Comentário gerado por IA. É um apoio ao estudo, ancorado em fontes, mas pode conter imprecisões — confira sempre na fonte oficial (lei, súmula, edital e gabarito da banca). Encontrou um erro? Use “Reportar”.

Controle de Constitucionalidade — Cláusula de Reserva de Plenário

Gabarito: letra D. O órgão fracionário do TRT, ao declarar a inconstitucionalidade da lei sem prévia decisão do Plenário ou Órgão Especial, violou a cláusula de reserva de plenário (art. 97 da CF), conforme consolidado na Súmula Vinculante nº 10 do STF. A contrariedade a súmula vinculante autoriza o manejo de reclamação diretamente ao STF (art. 988, III, CPC).
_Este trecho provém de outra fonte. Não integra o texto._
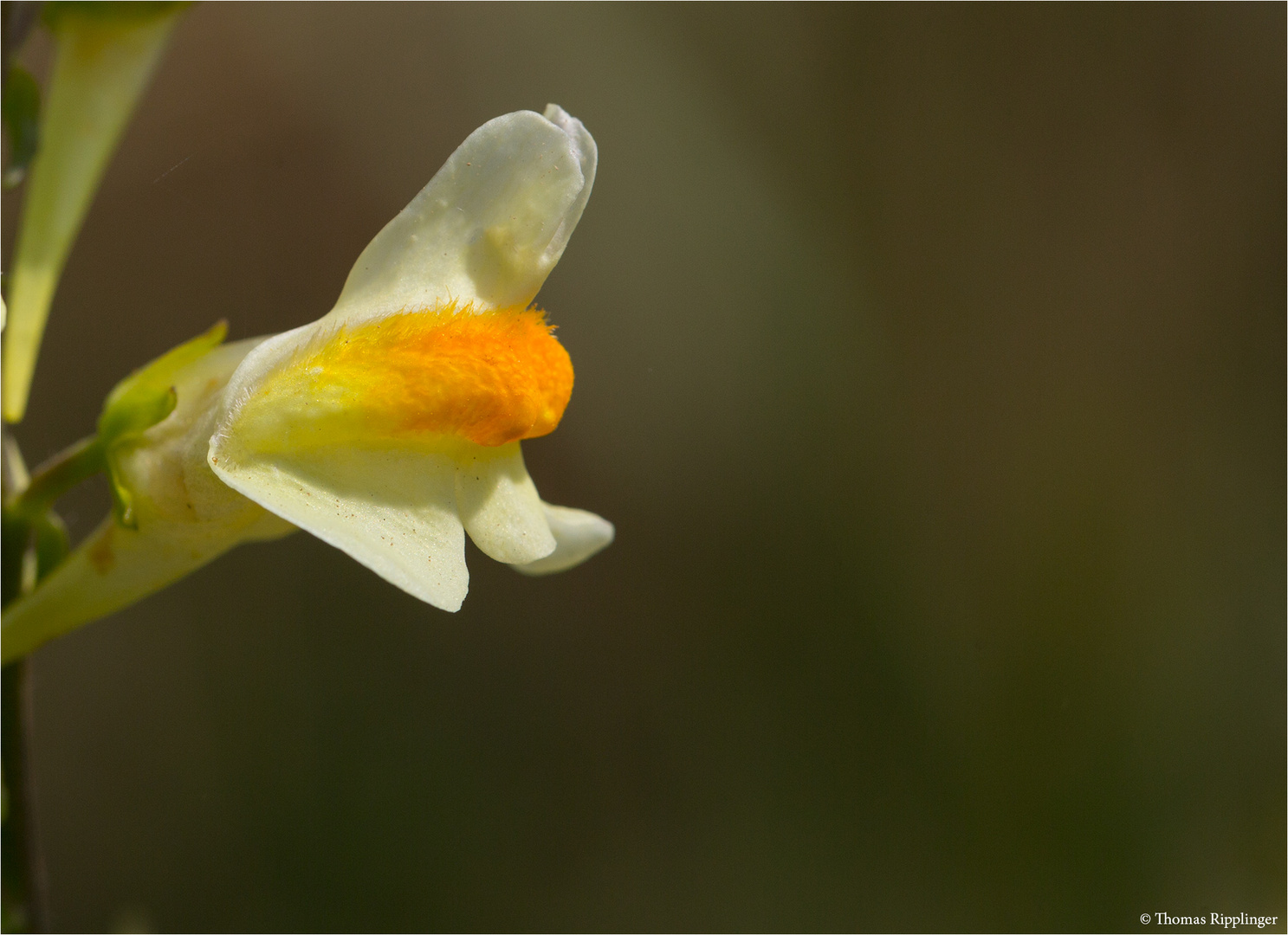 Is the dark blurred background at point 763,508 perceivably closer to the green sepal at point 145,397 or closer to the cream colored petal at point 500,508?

A questão exige conhecimento sobre os limites do controle difuso de constitucionalidade pelos tribunais. Em regra, qualquer juiz ou tribunal pode exercer controle incidental (difuso), mas, nos tribunais, a declaração de inconstitucionalidade de lei depende da maioria absoluta de seus membros ou do órgão especial (art. 97 CF). Essa é a chamada cláusula de reserva de plenário (full bench). Os órgãos fracionários (turmas, câmaras, seções) não podem declarar a inconstitucionalidade, salvo se já houver decisão plenária ou súmula do tribunal sobre o tema.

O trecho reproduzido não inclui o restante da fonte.